We can again peek the results:
./qcat.R 'data/types/dplyr::arg_name'
which should show types inferred from the fuzzed calls:
# A tibble: 40 × 3
fun_name id signature
<chr> <int> <chr>
1 dplyr::arg_name 8 (list<list<class<unit, unit_v2> | double | integer> | …
2 dplyr::arg_name 9 (class<gList>, list<class<factor> | double | integer>)…
3 dplyr::arg_name 10 (pairlist, list<character | double[]>) => class<glue, …
4 dplyr::arg_name 13 (list<list<class<matrix> | double[] | integer | intege…
5 dplyr::arg_name 14 (character[], list<character | logical>) => class<glue…
6 dplyr::arg_name 15 (list<class<unit, unit_v2>>, list<list<class<expectati…
7 dplyr::arg_name 17 (list<class<call>>, double[]) => class<glue, character>
8 dplyr::arg_name 24 (list<class<margin, simpleUnit, unit, unit_v2> | class…
9 dplyr::arg_name 28 (class<matrix>, list<class<expectation_success, expect…
10 dplyr::arg_name 30 (double, class<titleGrob, gTree, grob, gDesc>) => clas…
Computing the function source code coverage from the fuzzed calls is done by running the following:
./run-coverage.sh
This will use the traced data to recreate the calls while using the covr tool to record code coverage.
By default, it will run 16 jobs in parallel.
The can be changed using the JOBS
environment variable.
The result will be:
data/coverage <--- directory with the coverage output
data/run-coverage.csv <--- metadata about the run, duration, exitcodes, ...
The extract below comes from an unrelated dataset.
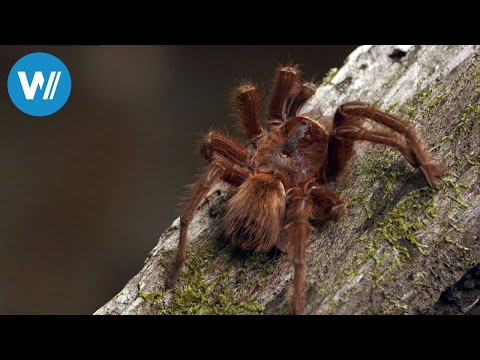 The Spider Hunters of Venezuela (360° - GEO Reportage)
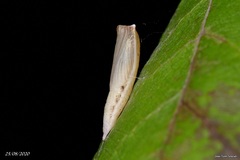 Cyclophora pendularia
To have a comparison, we need to need to get the baseline data. Instead of fuzzing, we will simply run the extracted code from the packages. There are three steps:
-
run the extracted code to get the traces
./run-baseline.sh ./traces-baseline.R
This might be a bit longer running - about 15 minutes.
-
type the traces
./run-type-baseline.sh
-
compute the coverage from these traces
./run-coverage-baseline.sh
This might be a bit longer running - about 15 minutes.
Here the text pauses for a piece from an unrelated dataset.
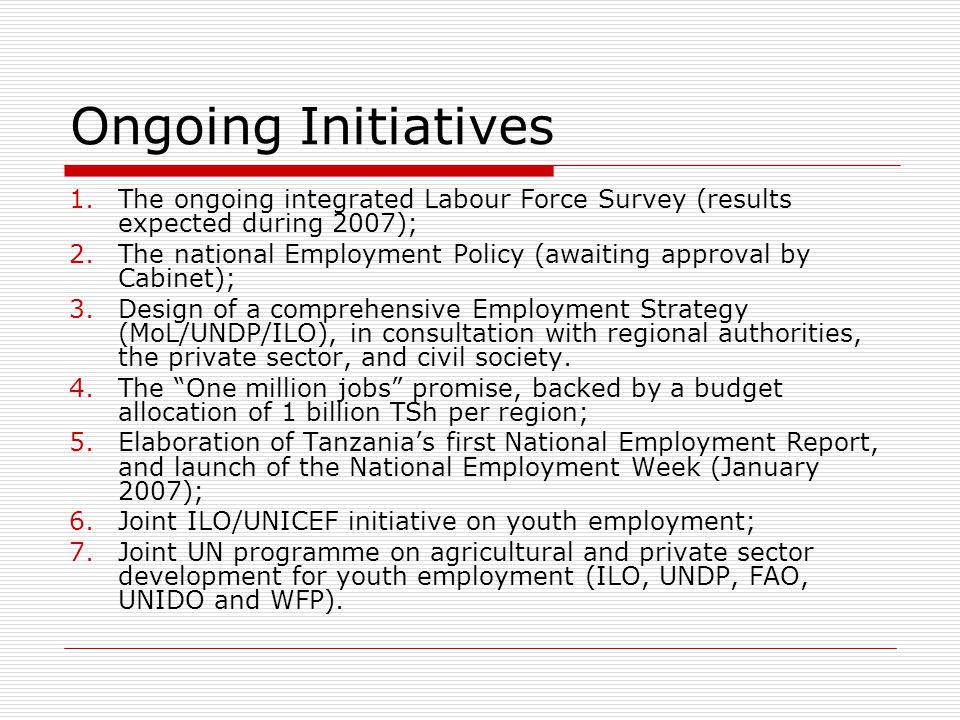 Ongoing Initiatives 1.The ongoing integrated Labour Force Survey (results expected during 2007); 2.The national Employment Policy (awaiting approval by Cabinet); 3.Design of a comprehensive Employment Strategy (MoL/UNDP/ILO), in consultation with regional authorities, the private sector, and civil society.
By default, all will run 16 jobs in parallel.
The can be changed using the JOBS
environment variable.
The results will be in
data/baseline <--- baseline traces
data/baseline-types <--- baseline types
data/baseline-coverage <--- baseline coverage
data/run-*-baseline.csv <--- metadata about the runs, duration, exitcodes, ...
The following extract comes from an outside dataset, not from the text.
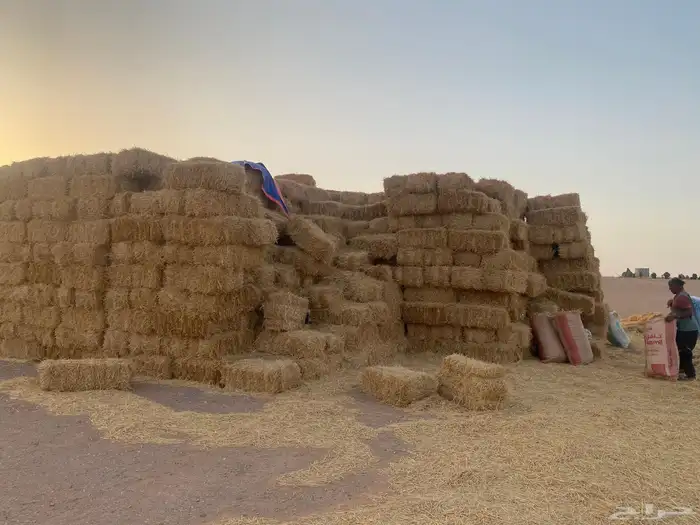 تبن بر شد كبير 1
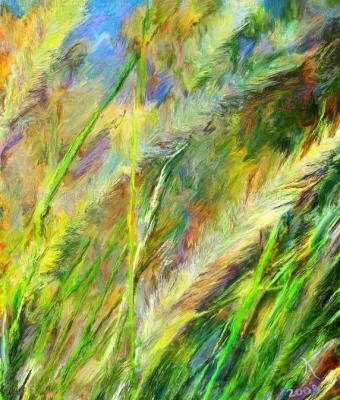 grass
Finally, to render the results, run:
R --slave --quiet -e 'rmarkdown::render("sle.Rmd")'
This should create a file sle.html
which you can open in a browser (navigate to the directory where you run the ./enter.sh
).
It also creates three more files:
experiment-uf.tex
the data for the paperargsdb-value-distribution.pdf
figure 3 in the paperuf-call-signatures.pdf
figure 4 in the paper
Note:
- Regarding the coverage, most likely a small number of fuzzed calls won't find a new paths, so in the report you will see 0 - as to better coverage.